Default AWS Credential Chain (Recommended)
The default credential chain automatically searches for credentials in the following order:
- Environment variables (
AWS_ACCESS_KEY_ID,AWS_SECRET_ACCESS_KEY,AWS_SESSION_TOKEN) - The shared credentials file (
~/.aws/credentialson Unix,%USERPROFILE%\.aws\credentialson Windows) - The shared configuration file (
~/.aws/config) - IAM role credentials (when running on EC2, ECS, Lambda, or other AWS services)
Configuration:
services.AddS3StorageProvider(options =>
{
options.UseDefaultCredentialChain = true;
options.DefaultRegion = RegionEndpoint.USEast1;
});
Environment Variables:
export AWS_ACCESS_KEY_ID=your_access_key_id
export AWS_SECRET_ACCESS_KEY=your_secret_access_key
export AWS_DEFAULT_REGION=us-east-1
Explicit Credentials
You can provide explicit credentials via S3StorageProviderOptions:
services.AddS3StorageProvider(options =>
{
options.DefaultCredentials = new BasicAWSCredentials("accessKey", "secretKey");
options.DefaultRegion = RegionEndpoint.USEast1;
options.UseDefaultCredentialChain = false;
});
⚠️ Security Warning: Avoid passing credentials in URIs in production code. URIs may be logged, displayed in error messages, or stored in configuration files.

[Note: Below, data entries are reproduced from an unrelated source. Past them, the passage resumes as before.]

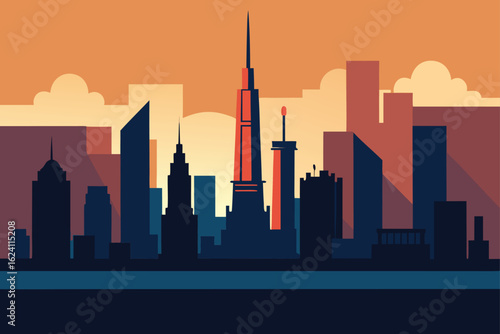 hand drawn vector of skyline from navy pier  .eps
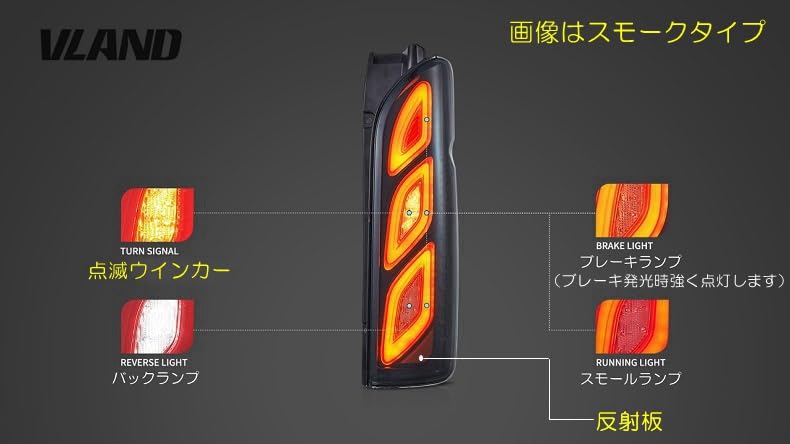VLAND 200 Series Hiace Regius Ace LED Tail Lamp with Flashing Turn Signal and Opening Function Custom Dress Up Compatible with All Grades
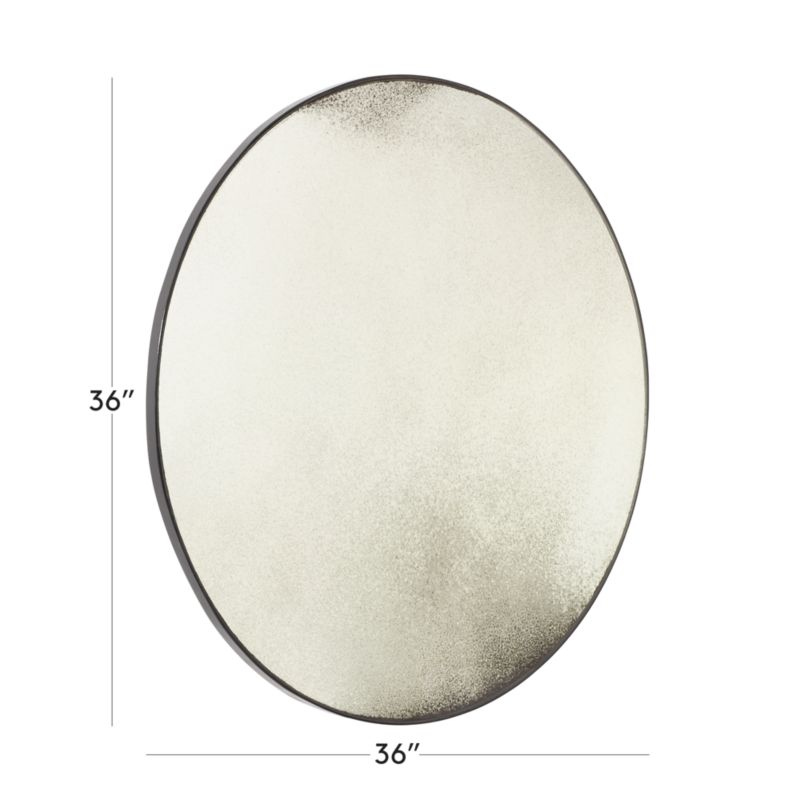 View Clooney Antiqued Round Wall Mirror 36" - image 2 of 14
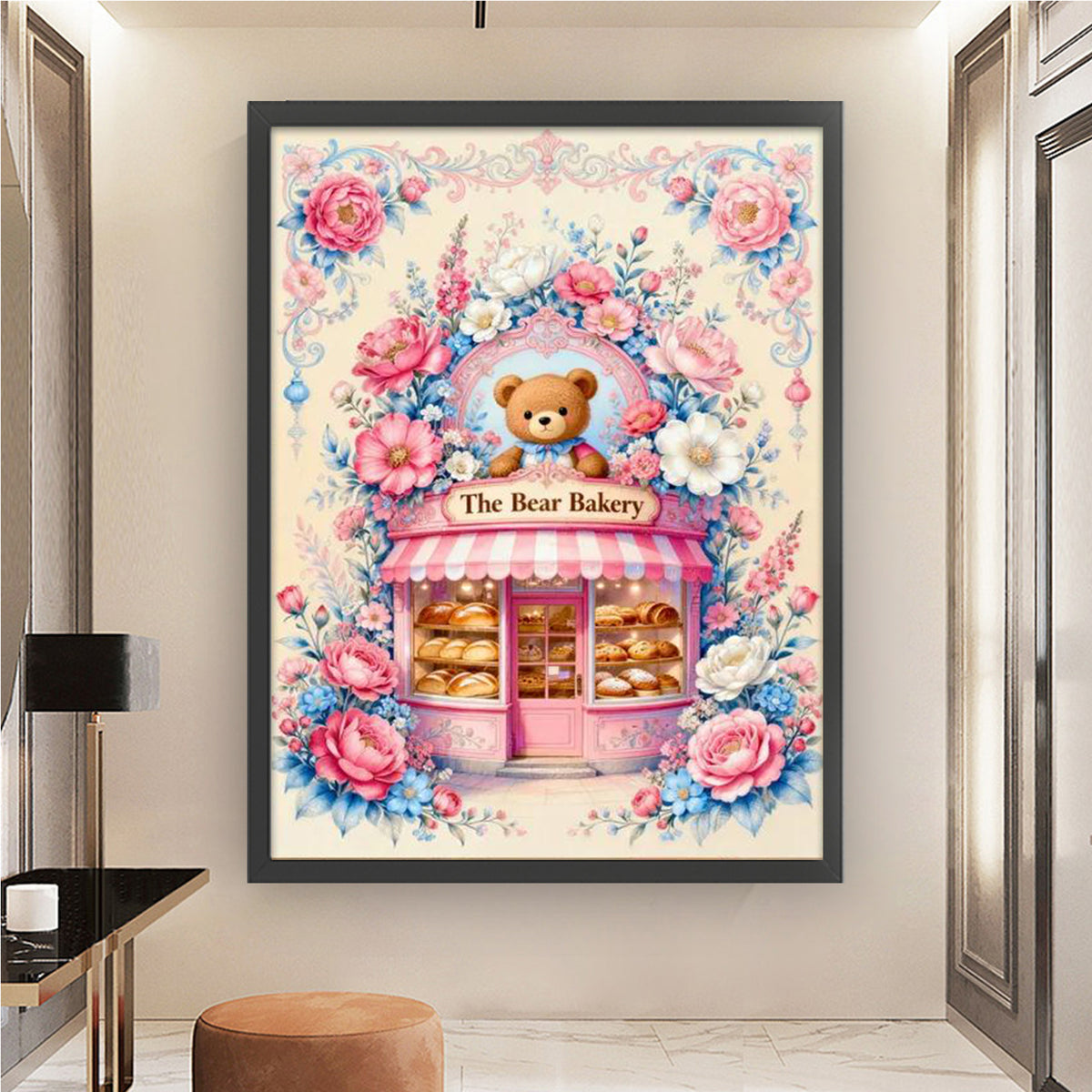 Pink Bear Bread - Full 11CT Stamped Cross Stitch 50x67CM - Mona Lisa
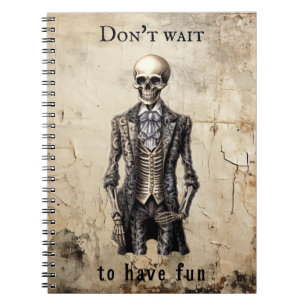 Cuaderno Cita de Personalizado de papel antiguo de Skeleton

Use the credential chain instead.
S3-Compatible Endpoints
The S3 storage provider supports S3-compatible storage services such as MinIO and LocalStack.
MinIO
MinIO is a high-performance, S3-compatible object storage system.
Configuration:
services.AddS3StorageProvider(options =>
{
options.ServiceUrl = new Uri("http://localhost:9000");
options.ForcePathStyle = true;
options.DefaultRegion = RegionEndpoint.USEast1;
});
URI Example:
var uri = StorageUri.Parse("s3://my-bucket/data/file.csv?serviceUrl=http://localhost:9000&pathStyle=true");
LocalStack
LocalStack provides a fully functional local AWS cloud stack for testing.
Configuration:
services.AddS3StorageProvider(options =>
{
options.ServiceUrl = new Uri("http://localhost:4566");
options.ForcePathStyle = true;
options.DefaultRegion = RegionEndpoint.USEast1;
});
URI Example:
var uri = StorageUri.Parse("s3://local-bucket/data/file.csv?serviceUrl=http://localhost:4566&pathStyle=true");
Examples
Reading from S3
using NPipeline.Connectors;
using NPipeline.StorageProviders.Aws;
var provider = new S3StorageProvider(new S3ClientFactory(new S3StorageProviderOptions()), new S3StorageProviderOptions());
var uri = StorageUri.Parse("s3://my-bucket/data.csv");
using var stream = await provider.OpenReadAsync(uri);
using var reader = new StreamReader(stream);
var content = await reader.ReadToEndAsync();
Writing to S3
var provider = new S3StorageProvider(new S3ClientFactory(new S3StorageProviderOptions()), new S3StorageProviderOptions());
var uri = StorageUri.Parse("s3://my-bucket/output.csv");
using var stream = await provider.OpenWriteAsync(uri);
using var writer = new StreamWriter(stream);
await writer.WriteLineAsync("id,name,value");
await writer.WriteLineAsync("1,Item A,100");
Listing Files
var provider = new S3StorageProvider(new S3ClientFactory(new S3StorageProviderOptions()), new S3StorageProviderOptions());
var uri = StorageUri.Parse("s3://my-bucket/data/");
// List all files recursively
await foreach (var item in provider.ListAsync(uri, recursive: true))
{
Console.WriteLine($"{item.Uri} - {item.Size} bytes - Modified: {item.LastModified}");
}
// List only immediate children (non-recursive)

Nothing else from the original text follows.